Le rideau tiré pendant la nuit


Quelques rais de lumière commençaient tout juste à percer au-dessus de l’horizon, la partie supérieure de la sphère solaire qui poignait à peine. Le ciel, jusque-là gris, et les nuages, d’un blanc laiteux, revêtirent subitement toutes les nuances rosées striées d’orange propres à l’aurore. Les nuages se parèrent d’ombres qui les ornèrent de reliefs et leur apportèrent leur volume rassurant, arrondi, cotonneux. Confortable. Ils paressaient au gré d’un vent fatigué, paressaient ou paissaient dans l’étendue qui se muait en azur. Plus bas, sur les prairies, dans les forêts, herbes et arbres peinaient à dévoiler leurs verts, empêtrés qu’ils étaient sous un mince voile blanc, un filet complexe de dentelle fine : de longs fils si délicats qu’ils ne se montraient que dans les reflets de lumière qu’ils accrochaient et qui, avec le soleil rasant qui se levait à peine, se démultipliaient d’une extrémité à l’autre de l’horizon. Un voile immense s’était posé pendant la nuit, projetant des drapés langoureux de cime en faîte, de buisson en bosquet, dans les roseaux, sur les pelouses, s’agitant doucement dans le souffle discret d’un vent venu du sud. L’air sec portait des odeurs minérales, celles des pierres et non de la terre, l’odeur de la craie, du granit, du feldspath. L’odeur des pierres qui sortaient enfin de leur repos, des ardoises qui s’ébrouaient, de la silice qui s’étirait, du basalte tout juste tiré de son sommeil.

Il y avait bien quelque chose d’étrange dans ce paysage féerique un aspect impossible qui aurait dû éveiller un sentiment d’inquiétude, l’inquiétude de l’inconnu, de l’anormal, cet enjoignement à la fuite, peu importe, mais il n’y eut pas ce réflexe naturel, probablement parce que la beauté de la chose embrumait l’esprit et calmait les instincts, ou parce qu’il n’y avait aucun point de fuite, aucune parcelle épargnée par la traîne qui avait glissé pendant la nuit et que rien ne semblait devoir retirer et que le cerveau humain, se sentant acculé, préférait imaginer avoir choisi de son propre gré de ne pas se débattre plutôt que d’imaginer qu’il aurait pu se faire berner par quelque chose d’aussi évident.

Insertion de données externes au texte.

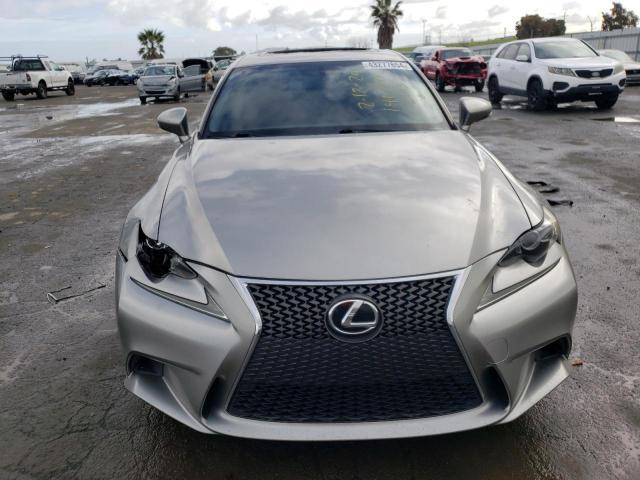 Photo 5 from auction – 2015 LEXUS IS 350 with VIN JTHBE1D26F5016094
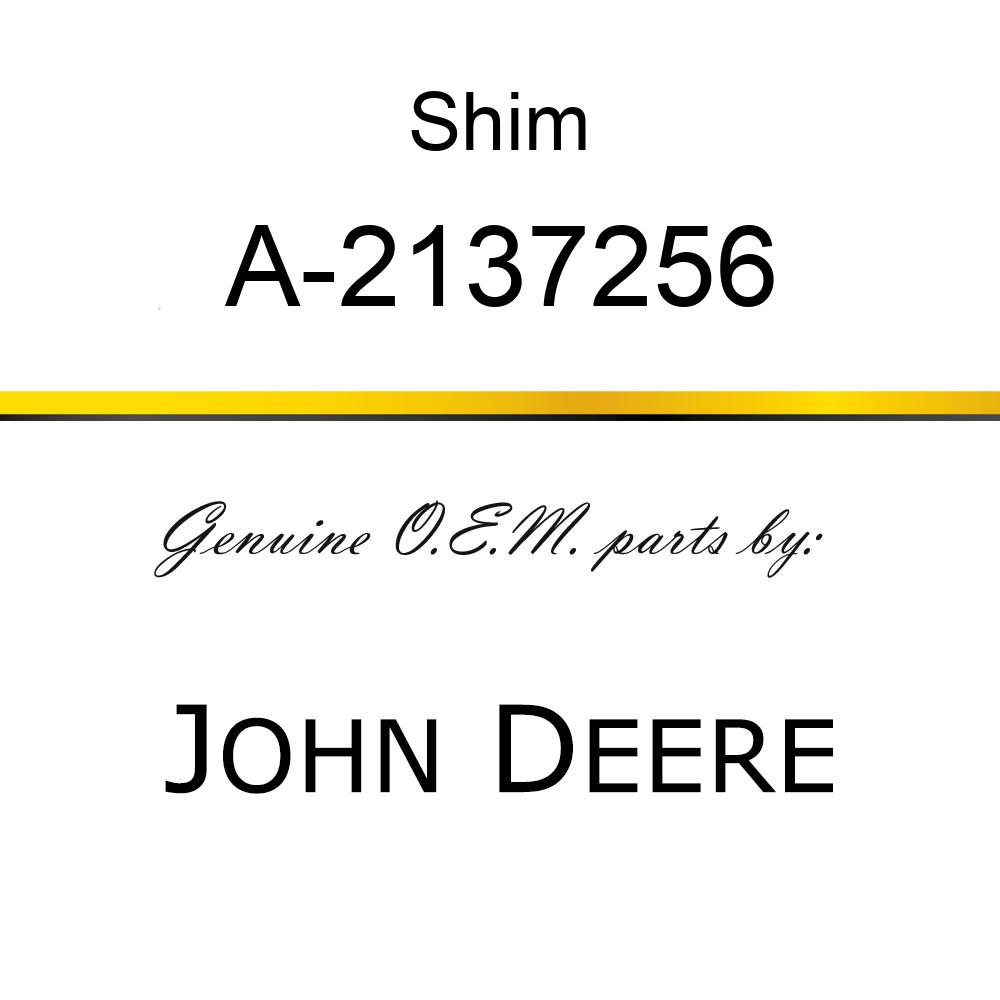 Shim - LINER SHIM A-2137256
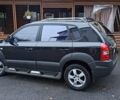 Хендай Туксон 2008 у Харкові на Automoto.ua Чорний Хендай Туксон, об'ємом двигуна 1.99 л та пробігом 188 тис. км за 8800 $, фото 14 на Automoto.ua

La beauté incompréhensible de la nature eut deux conséquences majeures. La première fut un sentiment diffus d’appartenir à l’histoire, d’assister à un évènement grandiose. La seconde fut que personne ne se rendit compte qu’il s’agissait alors du premier jour de l’apocalypse.

Quand on dit apocalypse dans ce contexte, avec cette image en texte, on a du mal à imaginer qu’il puisse s’agir d’autre chose que d’un instrument de musique exotique, une apocalypse à cordes ou à vent, ou encore une nouvelle fleur qui viendrait de naître, le nom d’un vent qui accompagnerait le zéphyr ou une formation nuageuse venue de contrées lointaines. Ce matin-là, chacun regardait l’apocalypse qui se présentait sous ses yeux, l’apocalypse pastel, rose et orangée, avait laissé place à une apocalypse bleu profond, pour le ciel, et vert pâle, légèrement laiteux, similaire au vert d’une soupe de légumes verts (poireaux, épinards) dans laquelle on aurait versé un peu trop de crème fraîche, eh bien c’était ce vert qui se montrait quand on regardait les campagnes, le vert d’origine de la nature atténué par la transparence du maillage de soie.